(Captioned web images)

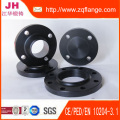 Ss400 Black Paint Flange of ANSI 150# 6"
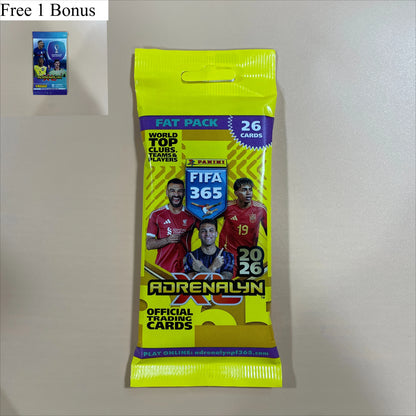 FIFA 365 Adrenalyn XL Cards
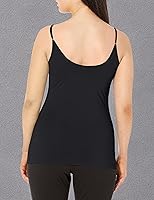 Vista 4 de Jockey Women's Shapewear Skimmies Ultralight Smoothing Cami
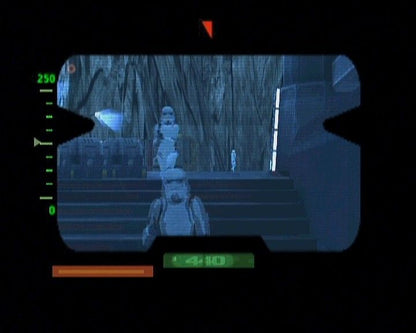 
Star Wars: Jedi Knight II - Jedi Outcast | Xbox | gameplay screenshot | Data by MobyGames.com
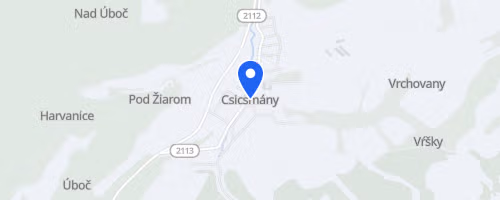 Behaj Lesmi Čičmany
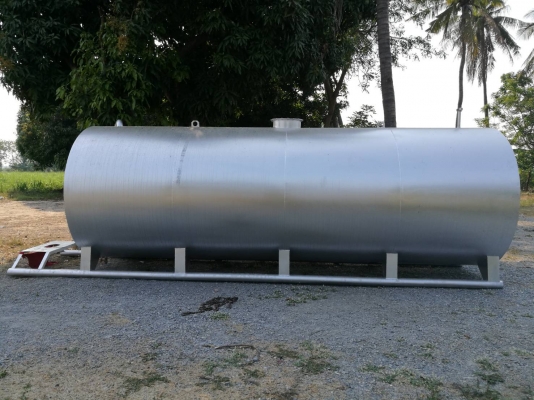 ขายถังน้ำมันใหม่ขนาด 20000 ลิตร ผลิตเอง เหล็กหนา ุ3 มม. ขายถังน้ำมันใหม่ขนาด 20000 ลิตร ผลิตเอง เหล็กหนา ุ3 มม.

ACTIVITY —
For the data above, return an exact copy that contains no pictures.

ANSWER TO THE EXERCISE —
 Ss400 Black Paint Flange of ANSI 150# 6"
 FIFA 365 Adrenalyn XL Cards
 Vista 4 de Jockey Women's Shapewear Skimmies Ultralight Smoothing Cami
Star Wars: Jedi Knight II - Jedi Outcast | Xbox | gameplay screenshot | Data by MobyGames.com
 Behaj Lesmi Čičmany
 ขายถังน้ำมันใหม่ขนาด 20000 ลิตร ผลิตเอง เหล็กหนา ุ3 มม. ขายถังน้ำมันใหม่ขนาด 20000 ลิตร ผลิตเอง เหล็กหนา ุ3 มม.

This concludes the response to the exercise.